# New Member - need advice



## tm523

Hello, new to this and asking for advice about my relationship.

My wife and I got married this past summer and have been together for almost 4 years. This is her 2nd marriage and my first. Her ex was the worst kind of person. She still has PTSD from his abuse. It has gotten much better but it is still there. While they were together, she co-signed on a loan. During her divorce she took that loan on, because he is a POS and wouldn't pay, so that she wouldn't be penalized as her name is in it and to make him go away. This is the last thing that ties her to him. She wants to get rid of it by paying it down as fast as possible. 

For the first time in our relationship, this has effected us. She wants to pay more so we have less spending money. We are looking to make a large purchase but now that has hindered us from doing so. Even smaller things like suggesting we go away for the weekend she got upset with me because I wasn't being sensitive to the fact that she is putting more money towards the loan. 

I told her that I don't want anything to do with that loan and don't have an opinion on how she wants to pay for it. That upset her. Her opinion is that when we married, it's now ours. She doesn't necessarily mean that my money goes towards that loan, she feels that I am not supporting her to pay more. I told her she can pay how she wants and that I don't have an opinion on it. But her take is that how much she pays effects extra money. 

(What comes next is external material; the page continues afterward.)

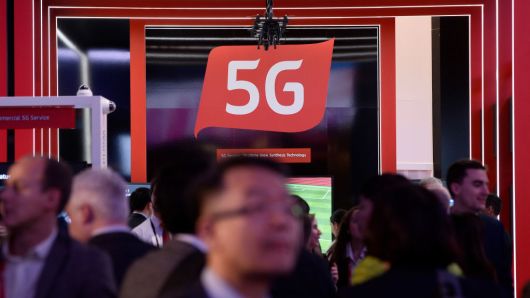 People walk by a 5G stand at the Mobile World Congress (MWC), the world's biggest mobile fair, on February 26, 2018 in Barcelona.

Am I wrong for feeling the way that I do? Should I have the attitude that this should be my debt now too?

Please help!


----------



## arbitrator

tm523 said:


> Hello, new to this and asking for advice about my relationship.
> 
> My wife and I got married this past summer and have been together for almost 4 years. This is her 2nd marriage and my first. Her ex was the worst kind of person. She still has PTSD from his abuse. It has gotten much better but it is still there. While they were together, she co-signed on a loan. During her divorce she took that loan on, because he is a POS and wouldn't pay, so that she wouldn't be penalized as her name is in it and to make him go away. This is the last thing that ties her to him. She wants to get rid of it by paying it down as fast as possible.
> 
> For the first time in our relationship, this has effected us. She wants to pay more so we have less spending money. We are looking to make a large purchase but now that has hindered us from doing so. Even smaller things like suggesting we go away for the weekend she got upset with me because I wasn't being sensitive to the fact that she is putting more money towards the loan.
> 
> I told her that I don't want anything to do with that loan and don't have an opinion on how she wants to pay for it. That upset her. Her opinion is that when we married, it's now ours. She doesn't necessarily mean that my money goes towards that loan, she feels that I am not supporting her to pay more. I told her she can pay how she wants and that I don't have an opinion on it. But her take is that how much she pays effects extra money.
> 
> Am I wrong for feeling the way that I do? Should I have the attitude that this should be my debt now too?
> 
> Please help!


*First Off, Welcome to the TAM Family! Happy to have you here!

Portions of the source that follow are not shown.